Late in the night, I placed my soft hand on my brother’s swollen face and said, “A boy has to continue with his studies. If not, he won’t be able to leave this life of poverty.” On my part, I had decided not to accept the university offer.
But before dawn the next day, my brother left home with a few pieces of worn-out clothing and a handful of dry beans. He left a note on my pillow: “Sis, getting into a university is not easy. I will find a job and send money home.”
I held the note as I sat on my bed and sobbed until I lost my voice. That year, my brother was 17 and I was 20. With whatever father managed to borrow from the whole village, and the money my brother earned from carrying cement at a construction site, I entered university.
One day, during my third year, a roommate said, “There’s a villager waiting for you outside.” It was my brother. His whole body was covered in dust, cement and sand. I asked why he didn’t tell my roommates who he was.
“Look at me. Wouldn’t they laugh at you if I told them that?” Tears filled my eyes as I brushed the dust from his body. He then took out a butterfly hair clip from his pocket and fixed it on my hair. “I saw all the girls in town wearing this, and I thought you should have one.”
I pulled my brother into my arms and cried. That year, he was 20 and I was 23.
The first time I took my boyfriend home, I noticed that the broken window pane had been replaced and the whole house looked clean. After he left, I danced around Mother. “You needn’t have spent so much time cleaning the house!” I told her. “Your brother came home early to do it,” she said. “He cut his hand while replacing the pane.”

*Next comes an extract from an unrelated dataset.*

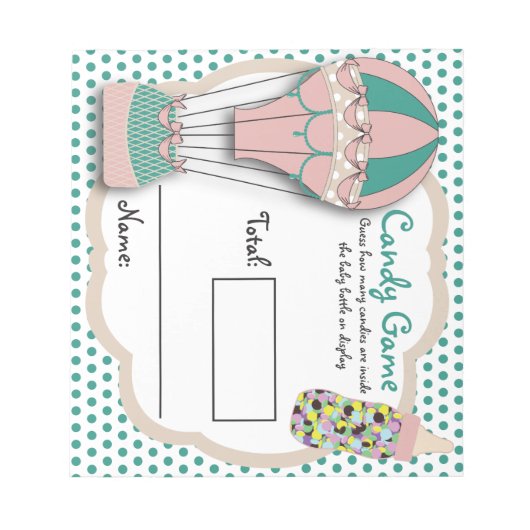 Snoep Fles Guessing Game, M&M, Hot Air Ballon Notitieblok (Voorkant)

I went into my brother’s small bedroom. As I looked at his thin face, I felt a hundred needles pricking my heart. I applied some ointment on his wound and bandaged it.
“Does it hurt?”
“No, it doesn’t. You know, when I was working at the construction site, stones fell on my feet all the time. Even that could not stop me from working and ...”
He stopped in mid sentence. I turned my back to him as tears rolled down my face. That year, he was 23 and I was 26.

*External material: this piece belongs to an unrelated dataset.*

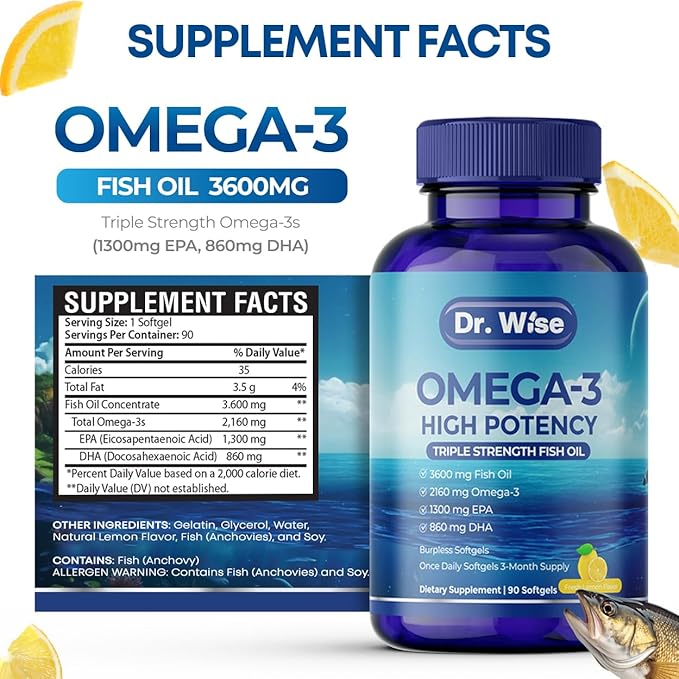 Triple Strength Omega 3 Fish Oil 3600mg β 1300mg EPA & 860mg DHA- Once Daily β Burpless Lemon Flavor, β Supports Heart, Brain, Joint & Eye Health β Wild Caught, Non-GMO, 90 Softgels, 3-Month Supply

After I married, I lived in the city. Many times, my husband invited my parents to come and live with us, but they declined, saying they would not know what to do if they left the village. My brother sided with their decision. He advised me: “Sis, you just take care of your parents-in-law and I will take care of Mother and Father here.”
My husband became the director of his factory. We then hoped my brother would accept the post of manager in the maintenance department. But he insisted on starting out as a reparation worker. One day, my brother was on a ladder repairing a cable when he got electrocuted. At the hospital, I grumbled, “Why did you reject the offer? A manager wouldn’t have to do dangerous things and risk serious injury. Look at you now.”
With a serious look, brother said: “Think of brother-in-law. He has just been promoted. I am almost uneducated. If I became the manager, what would people say?”
My husband’s eyes filled with tears as I cried out: “But you lack in education because of me!”
“Why talk about the past?” my brother replied as he held my hand. That year, he was 26 and I was 29.
My brother was 30 years old when he married a farm girl from the village. At his wedding reception, the master of ceremonies asked him, “Who is the one person you respect and love the most?” Without hesitating, he answered, “My sister.” Then he went on to tell a story I could not even remember.
“Our primary school was in a different village. Every day, my sister and I walked for two hours to and from school. One day, I lost one side of my gloves. My sister gave me one of hers. When we got home, her hand was trembling so much she could not even hold her chopsticks. That day, I swore that as long as I lived, I would take care of my sister and be good to her.”
Applause filled the room and every guest turned to look at me as I stood up. “In my whole life, the one person I would like to thank most is my brother.” And on this happy occasion, in front of everyone, tears rolled down my face once again.